(Brief descriptive captions)
- Opening Delimiter -

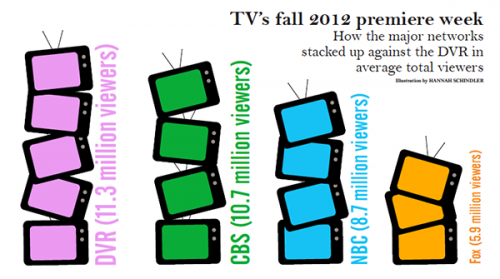 The shifting landscape of television in the 21st century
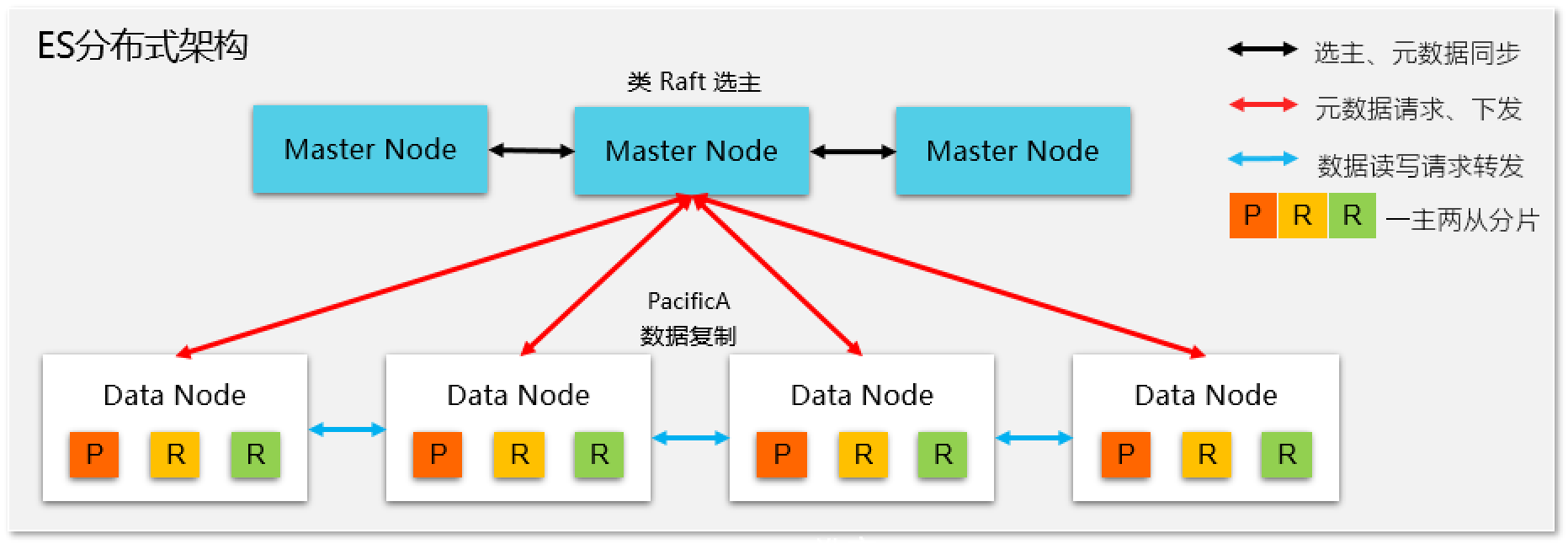 【腾讯云ES】Elasticsearch 分布式架构剖析及扩展性优化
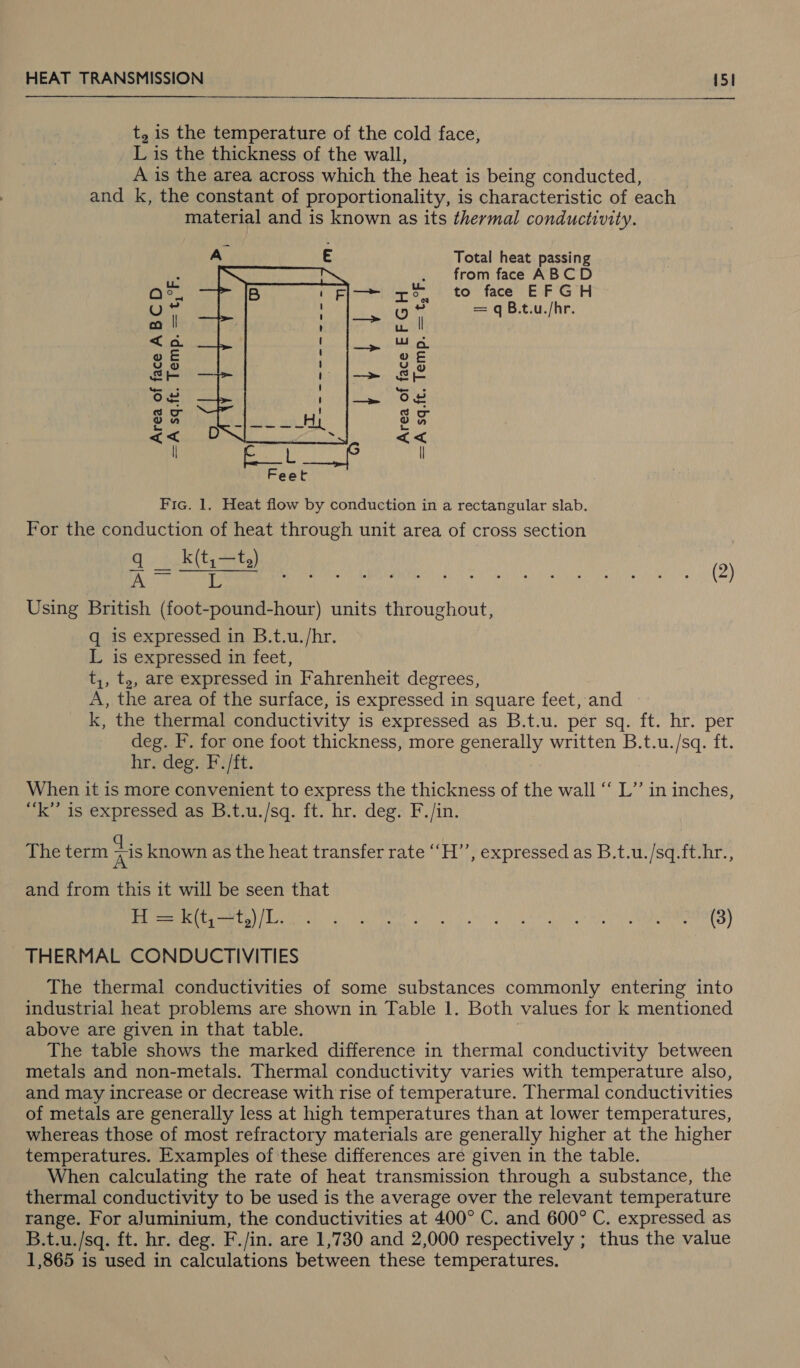 t, is the temperature of the cold face, L is the thickness of the wall, A is the area across which the heat is being conducted, and k, the constant of proportionality, is characteristic of each material and is known as its thermal conductivity. Total heat passing from face ABCD a”, ee ss to face EF GH Oo oe = q B.t.u./hr. fa Wo Se —~ €F Oe bee MOS $f Sg &lt;&lt; i&lt;  Fic. 1. Heat flow by conduction in a rectangular slab. For the conduction of heat through unit area of cross section Pe tie fe ek.) Using British (foot-pound-hour) units throughout, q is expressed in B.t.u./hr. L is expressed in feet, t,, t,, are expressed in Fahrenheit degrees, A, the area of the surface, is expressed in square feet, and k, the thermal conductivity is expressed as B.t.u. per sq. ft. hr. per deg. F. for one foot thickness, more generally written B.t.u./sq. ft. hr. deg. F./ft. When it is more convenient to express the thickness of the wall ‘‘ L”’ in inches, “k”’ is expressed as B.t.u./sq. ft. hr. deg. F./in. The term tis known as the heat transfer rate ““H’’, expressed as B.t.u./sq.ft.hr., and from this it will be seen that OT 2s AG RS ES IU tt ac an a RPT iad 1.) THERMAL CONDUCTIVITIES The thermal conductivities of some substances commonly entering into industrial heat problems are shown in Table 1. Both values for k mentioned above are given in that table. The table shows the marked difference in thermal conductivity between metals and non-metals. Thermal conductivity varies with temperature also, and may increase or decrease with rise of temperature. Thermal conductivities of metals are generally less at high temperatures than at lower temperatures, whereas those of most refractory materials are generally higher at the higher temperatures. Examples of these differences are given in the table. When calculating the rate of heat transmission through a substance, the thermal conductivity to be used is the average over the relevant temperature range. For aluminium, the conductivities at 400° C. and 600° C. expressed as B.t.u./sq. ft. hr. deg. F./in. are 1,730 and 2,000 respectively ; thus the value 1,865 is used in calculations between these temperatures.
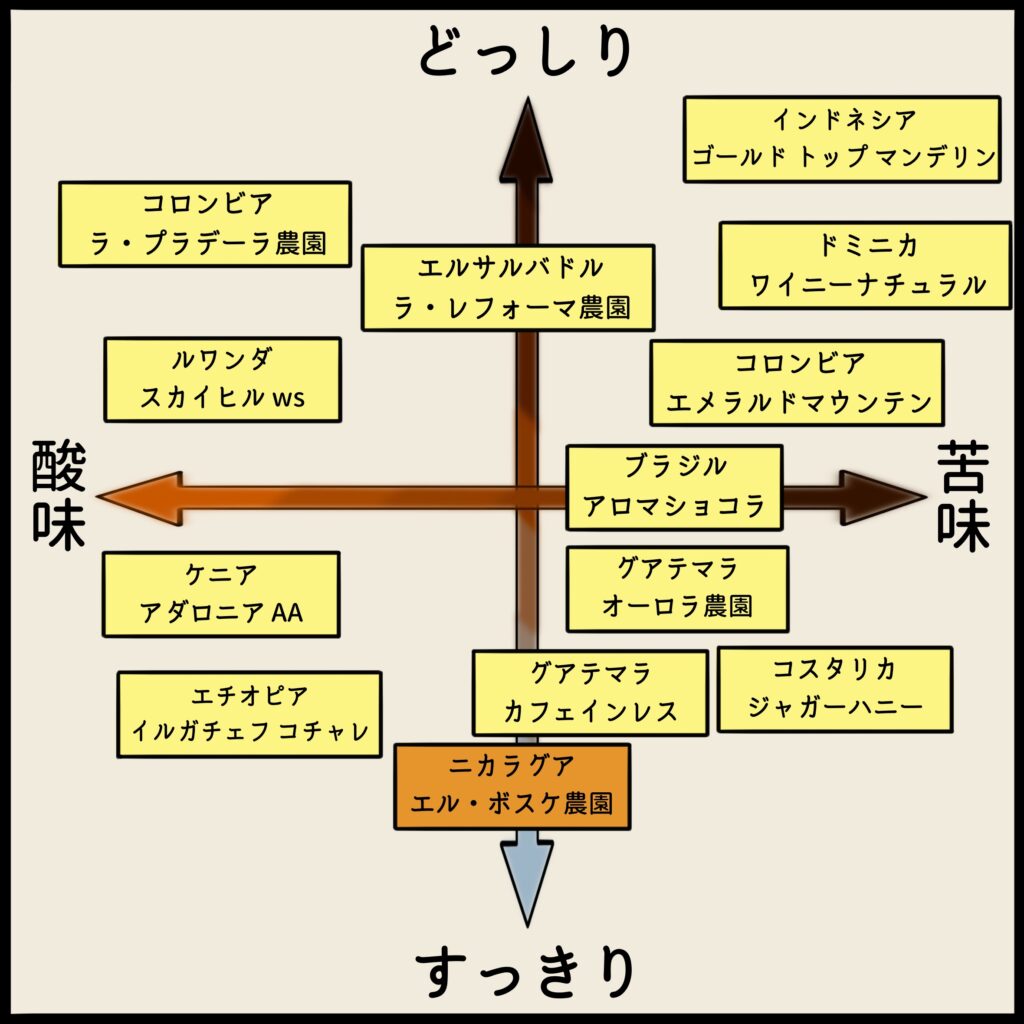 コーヒーチャート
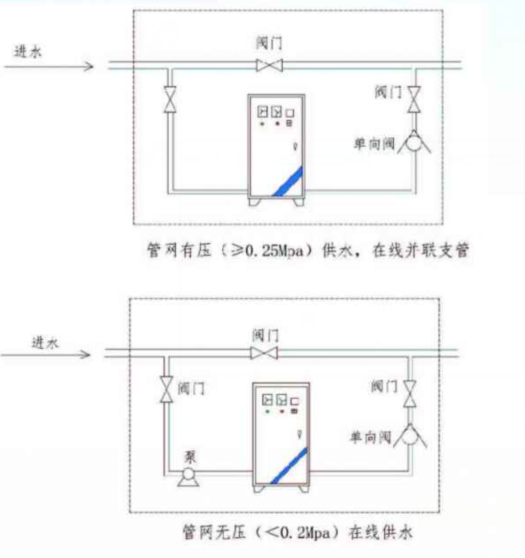 管网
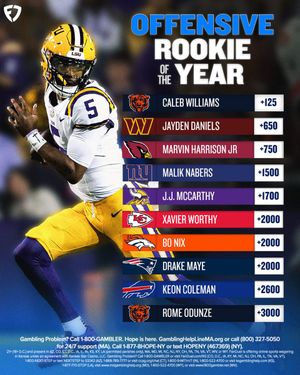 Image post by @FDSportsbook on Twitter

- Closing Delimiter -

→ **WHAT NEEDS TO BE DONE**
Pictures stay out; the entries above are to be output exactly as given.

→ **WRITTEN ANSWER**
 The shifting landscape of television in the 21st century
 【腾讯云ES】Elasticsearch 分布式架构剖析及扩展性优化
 t, is the temperature of the cold face, L is the thickness of the wall, A is the area across which the heat is being conducted, and k, the constant of proportionality, is characteristic of each material and is known as its thermal conductivity. Total heat passing from face ABCD a”, ee ss to face EF GH Oo oe = q B.t.u./hr. fa Wo Se —~ €F Oe bee MOS $f Sg &lt;&lt; i&lt;  Fic. 1. Heat flow by conduction in a rectangular slab. For the conduction of heat through unit area of cross section Pe tie fe ek.) Using British (foot-pound-hour) units throughout, q is expressed in B.t.u./hr. L is expressed in feet, t,, t,, are expressed in Fahrenheit degrees, A, the area of the surface, is expressed in square feet, and k, the thermal conductivity is expressed as B.t.u. per sq. ft. hr. per deg. F. for one foot thickness, more generally written B.t.u./sq. ft. hr. deg. F./ft. When it is more convenient to express the thickness of the wall ‘‘ L”’ in inches, “k”’ is expressed as B.t.u./sq. ft. hr. deg. F./in. The term tis known as the heat transfer rate ““H’’, expressed as B.t.u./sq.ft.hr., and from this it will be seen that OT 2s AG RS ES IU tt ac an a RPT iad 1.) THERMAL CONDUCTIVITIES The thermal conductivities of some substances commonly entering into industrial heat problems are shown in Table 1. Both values for k mentioned above are given in that table. The table shows the marked difference in thermal conductivity between metals and non-metals. Thermal conductivity varies with temperature also, and may increase or decrease with rise of temperature. Thermal conductivities of metals are generally less at high temperatures than at lower temperatures, whereas those of most refractory materials are generally higher at the higher temperatures. Examples of these differences are given in the table. When calculating the rate of heat transmission through a substance, the thermal conductivity to be used is the average over the relevant temperature range. For aluminium, the conductivities at 400° C. and 600° C. expressed as B.t.u./sq. ft. hr. deg. F./in. are 1,730 and 2,000 respectively ; thus the value 1,865 is used in calculations between these temperatures.
 コーヒーチャート
 管网
 Image post by @FDSportsbook on Twitter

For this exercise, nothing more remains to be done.